佐藤義清改め西行(1118−1190年)は、平安末期の藤原氏系列の貴族の家系に生まれた(平清盛と同年の生まれ)後、23歳の時に出家し、以後は高野山等で仏門に入ると共に、奥州や西国・四国などへの旅を含めた気ままな人生を楽しみながら、多くの和歌を残すことになる。著者は、その西行の人生を、彼の残した多くの和歌を参照・解説しながら、これまでの各種関連研究も参照しつつ辿っていくことになる。

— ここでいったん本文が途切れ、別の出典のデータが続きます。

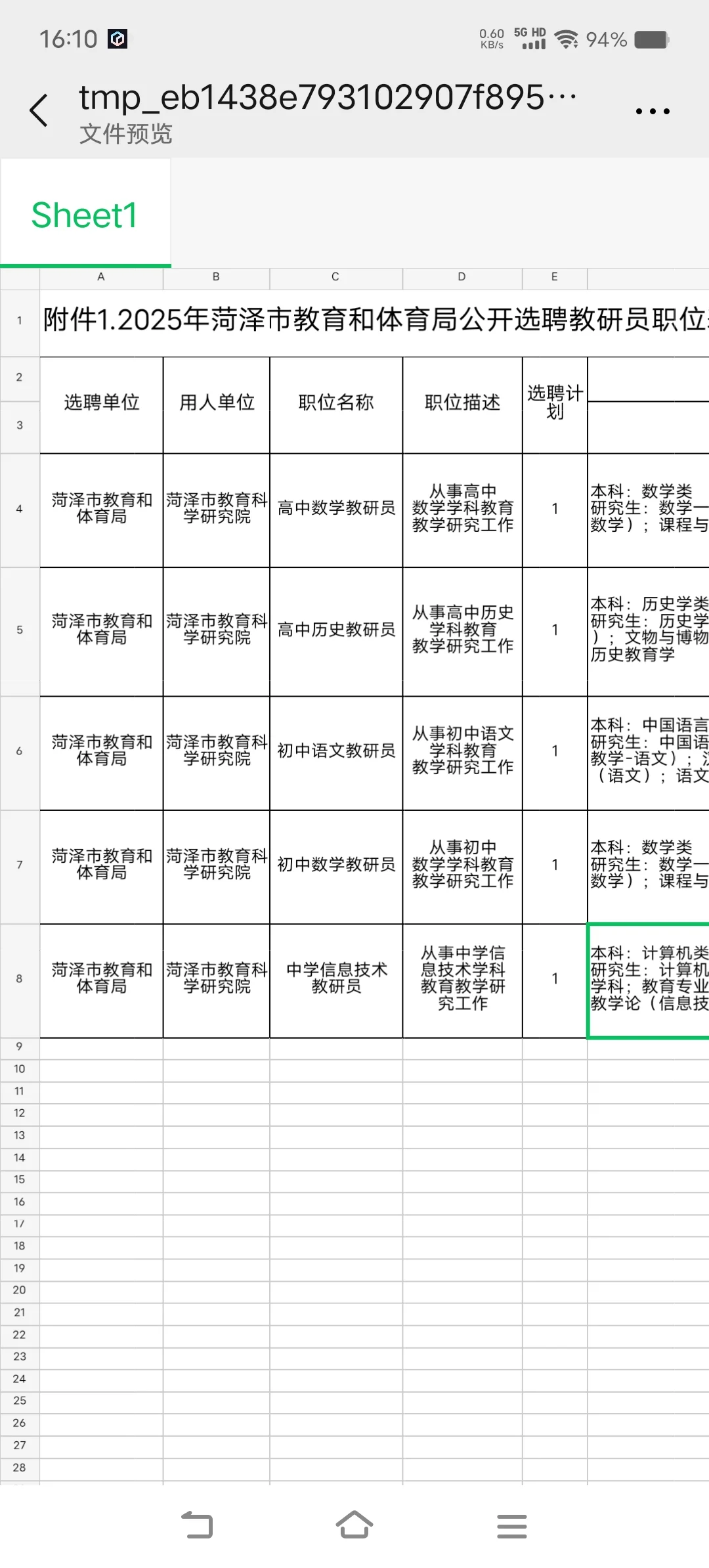 菏泽市教育和体育局公开选聘教研员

まずは出家であるが、恋愛説などもあるが、その理由は本人もあまり語らず、推測の域を出ないという。そして出家前から親しんでいた初期の和歌からは、彼が若い頃から蹴鞠や桜といった日本の情緒を愛好したことを知ることができるという。そして人生で繰り返した多くの旅とその過程で読まれた歌。当時の旅は大きな困難を伴うものであったことから、「気ままな人生」とは書いたが、ある種の「修行」であったということではある。西行の奥州への旅は、半世紀後、同じ地域を回った芭蕉の「奥の細道」でも言及されているということである。そうした旅を含めた自然への愛情や、修験道の本山である大峰山(今回初めて知った名前であるが奈良県の最高峰で、現在でもここでの修行が行われているということである)での厳しい修行の様子など。面白いのは「地獄絵を見て」と題された27首の連作があるということであるが、これはボッシュが絵画で表現したものを、日本人は和歌で表現したという理解ができるように思われる。

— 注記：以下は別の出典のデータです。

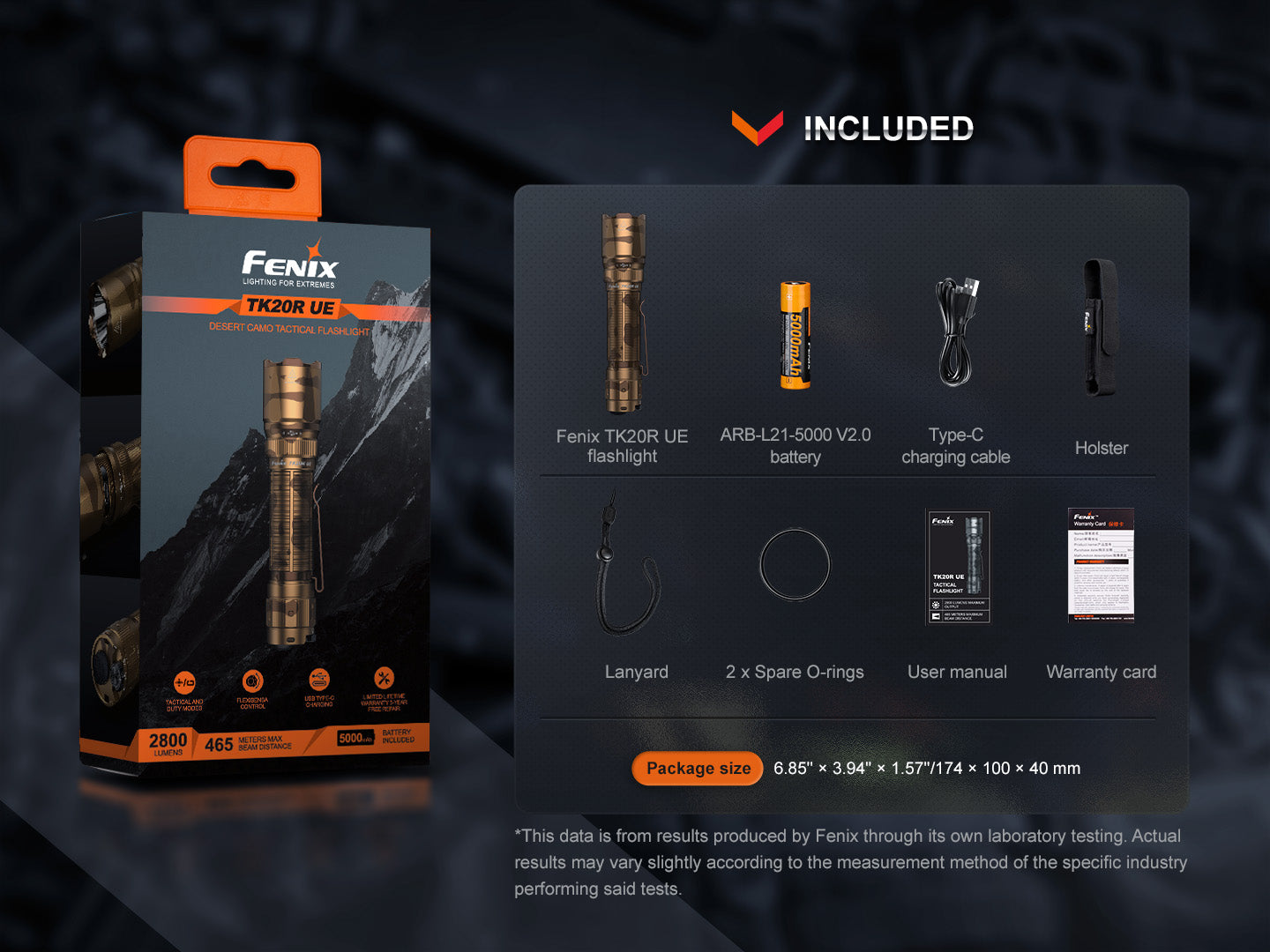 TK20R UE Torch (2,800 lumens)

前述のとおり平清盛とは同年生まれで若い頃は面識もあったようだ。そして西行が平家に対しての親愛の情が深く、その後権力を握った源氏に対しては、頼朝と会ったこともあるが好感を持てなかったとされている。また仏門に入ったにも関わらず、伊勢神宮などには度々参拝した折に読んだ歌も多く残しており、日本人の神仏混交を体現しているという指摘も見られる。そして、晩年の、自分の秀歌を選んで奉納するといった「終活」から、69歳での最後の奥州への旅と、72歳での静かな死(示寂)。「示寂」というのが、「菩薩(ぼさつ)や有徳(うとく)の僧の死」を意味していることも、今回初めて知った。そして、同時代の歌人藤原定家と西行の比較や、定家が百人一首に、西行の多くの歌の中から選んだ「歎けとて月やはものを思はする かこち顔なるわが涙かな」を選んだ理由など。かつて少年時代に百人一首に親しんだ私も、意味は分からなかったが、この歌を覚えている。これが西行の歌であることは今回初めて認識したのであった。そして本の最後は、前にも記したが、西行の軌跡を追って約500年後に奥州を旅し「奥の細道」を著した芭蕉など、西行が後世の歌人たちの及ぼした影響を語ることになる。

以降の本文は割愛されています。